He echoes similar explanations. The troll-tourists in the McFee case claimed the posts were designed to teach ‘kids today how to deal with all these things on social networking sites’. ‘Cenobite-Angel’ understood that such activities would cause offence: ‘in any war there will be causalities, this is for the greater good of the web’. However, in our view his utilitarian rationale, for a necessary course of action to maximise good for the multitudes, strengthen coping and resilience in other young people, and protect the freedom or integrity of the Web, were wholly unconvincing. Nor do we necessarily see these activities as simple mischief, ‘cemetery vandalism’, malice, schadenfreude or a sickening form of cyber-bullying. There have been numerous studies focused on understanding the relationship between youth involvement in bullying, and suicide–related behaviours including attempts, fatalities and risk factors associated with suicide (reviewed, for example, by Rivers, Citation2011) and these fail to fit the circumstances we describe.

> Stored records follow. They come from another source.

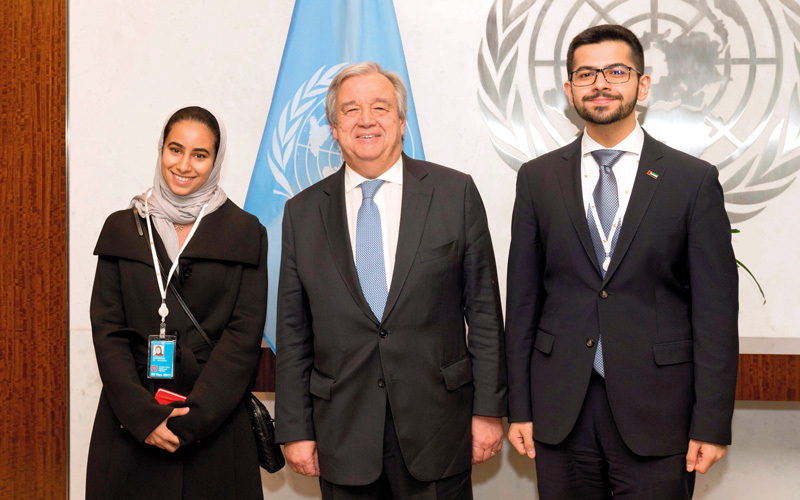 عمر المطوع وسارة السويدي مع أمين عام الأمم المتحدة. من المصدر
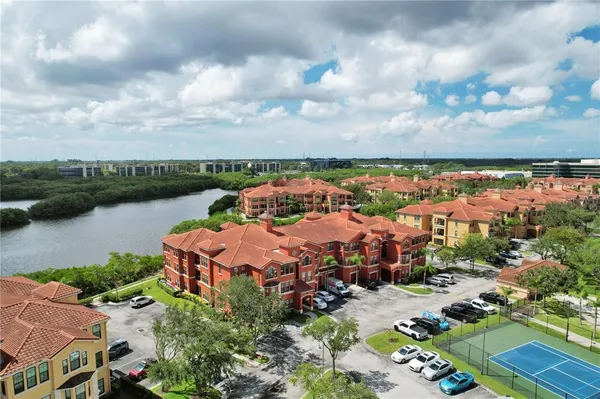 $2,795 | 2724 Via Murano, Unit 638, Clearwater, FL 33764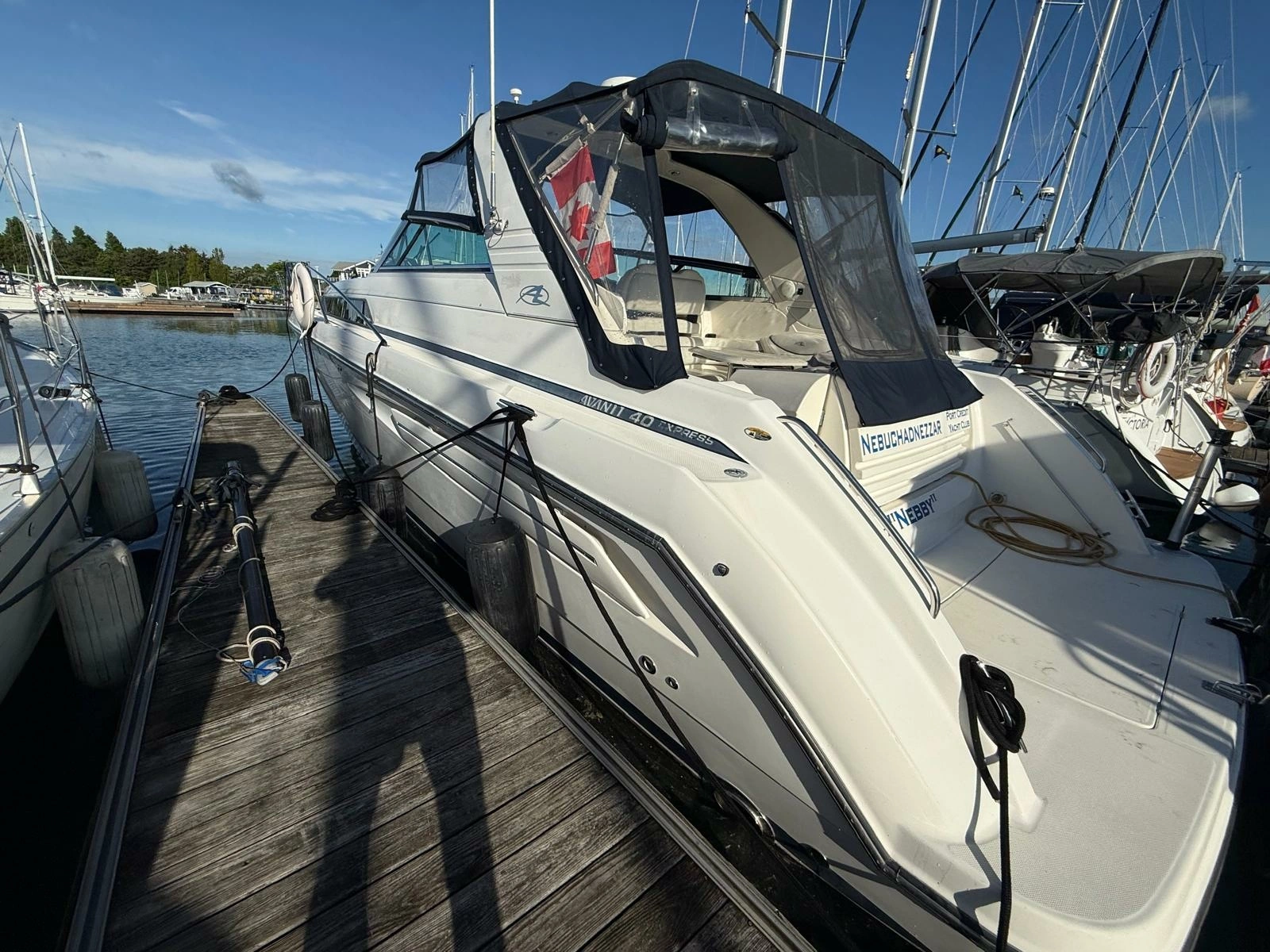 1998 Bayliner  4085 Avanti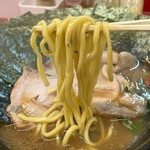 家系ラーメン 王道家直伝 との丸家  - 麺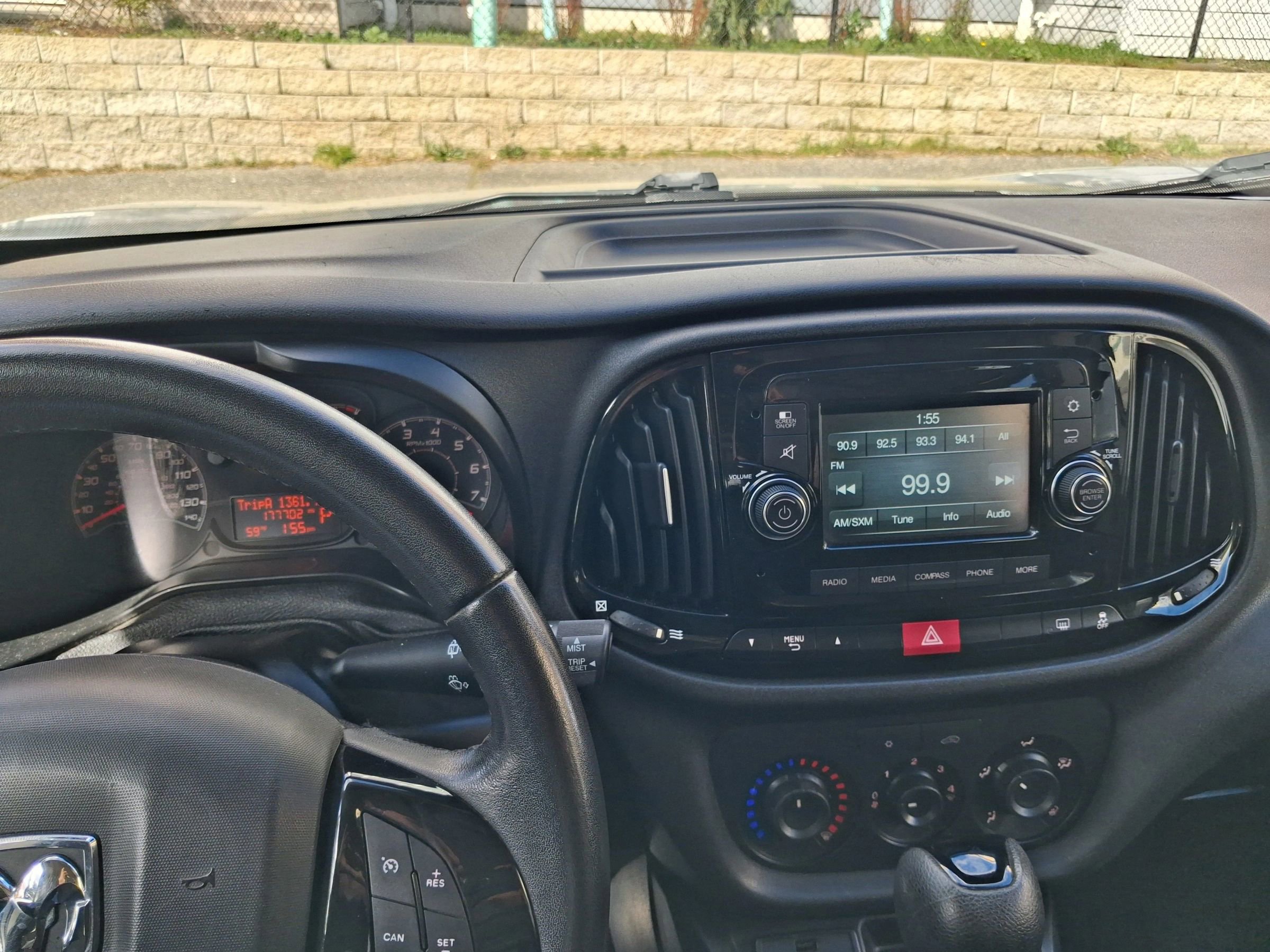 Used 2015 RAM ProMaster City Tradesman SLT image 11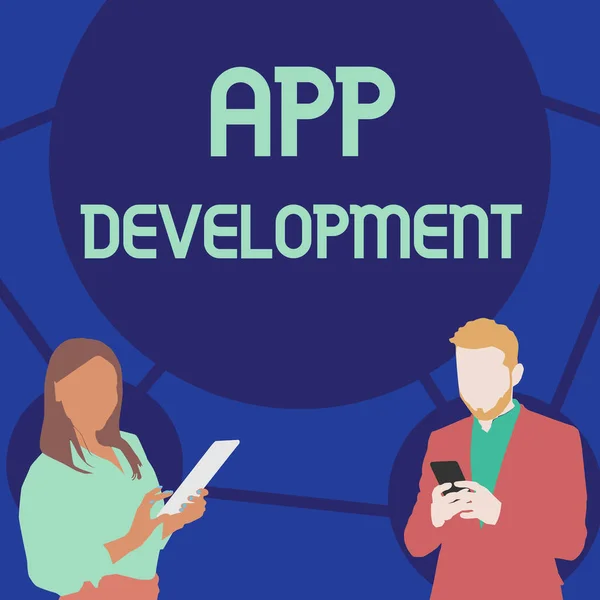 Sinal de texto mostrando App Development. Conceito de negócio Serviços de desenvolvimento para incríveis experiências móveis e web Ilustração de parceiros ocupados usando smartphones Buscando ideias. — Fotografia de Stock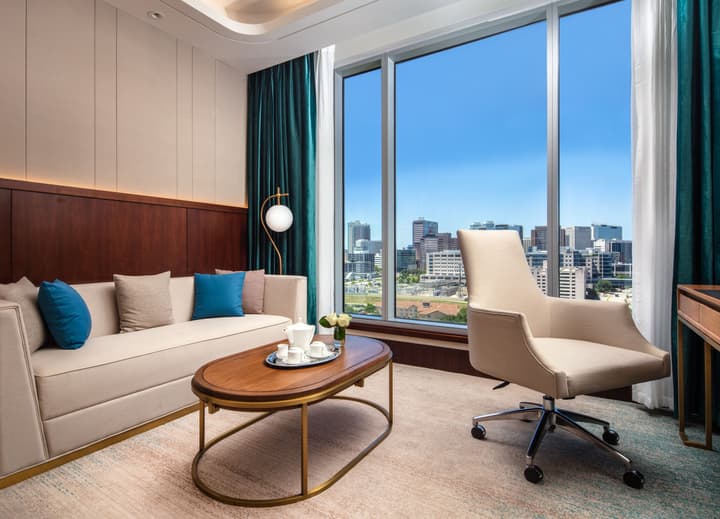 Blossom Hotel Houston, Curio Collection by Hilton
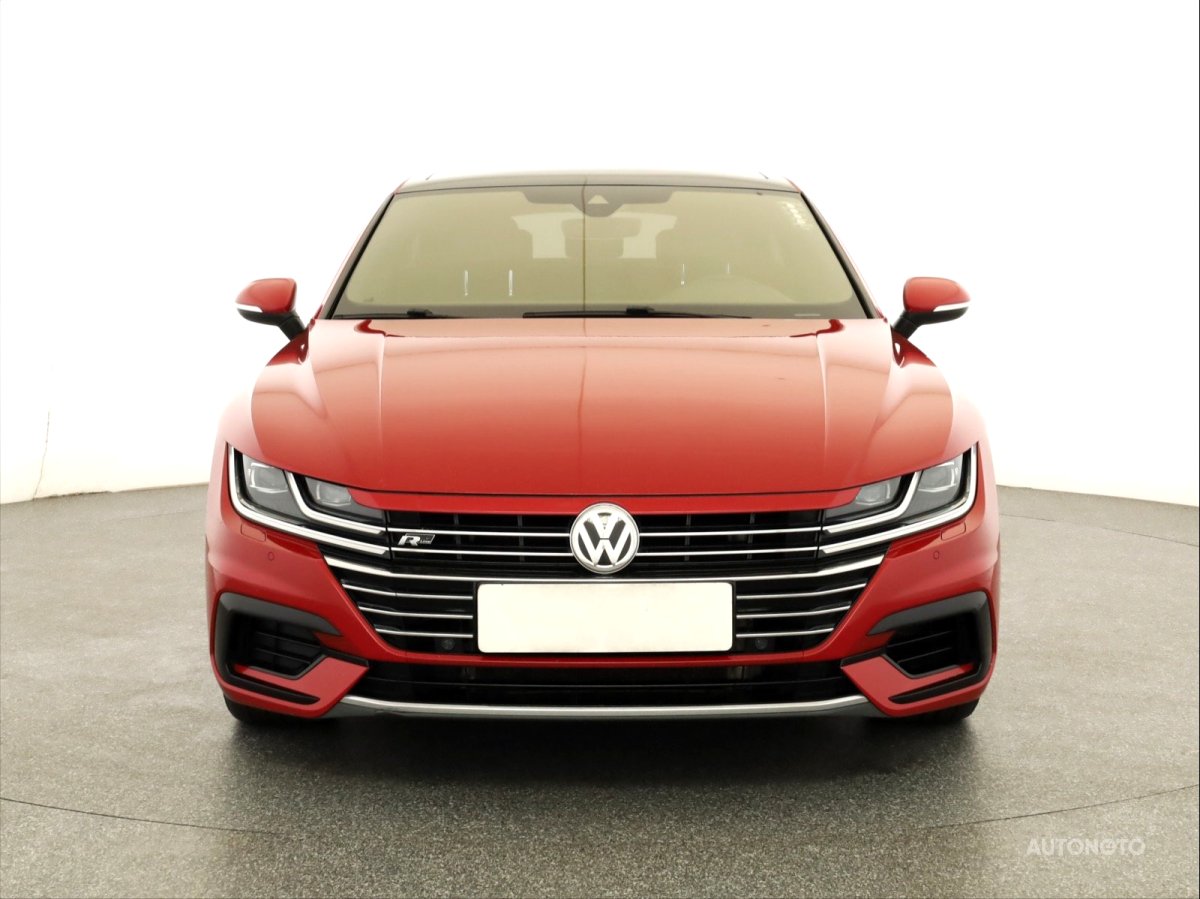 Volkswagen Arteon, 2018 - pohled č. 2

Instead, our direction takes us towards Bettelheim's reminder that the human spirit requires dark narratives (in Bettelheim's case, macabre fairy-stories) through which to discover and make sense of humanity. This has manifested itself historically through, for example, freak shows, horror movies and, it could be argued, through dark tourism. Risk, death and the prospect of dying continue to raise Kierkegaardian notions of ‘dread of death’ and Durkin (Citation2003) has proposed that television, film, dark tourism or gallows humour allow people, in part, to confront and neutralise the dread. Celebrating carnival, suggesting carne vale as ‘a farewell to the flesh’, allows celebrants to transform their former (everyday) selves, release charged and heightened emotions, generate fervour to deny authoritarian control, and foment rebellion. As Bakhtin acknowledges, ordered societies require legitimate spaces of transgression as a means of demarking order from disorder. There must a Zone 2 in order for there to be a Zone 1.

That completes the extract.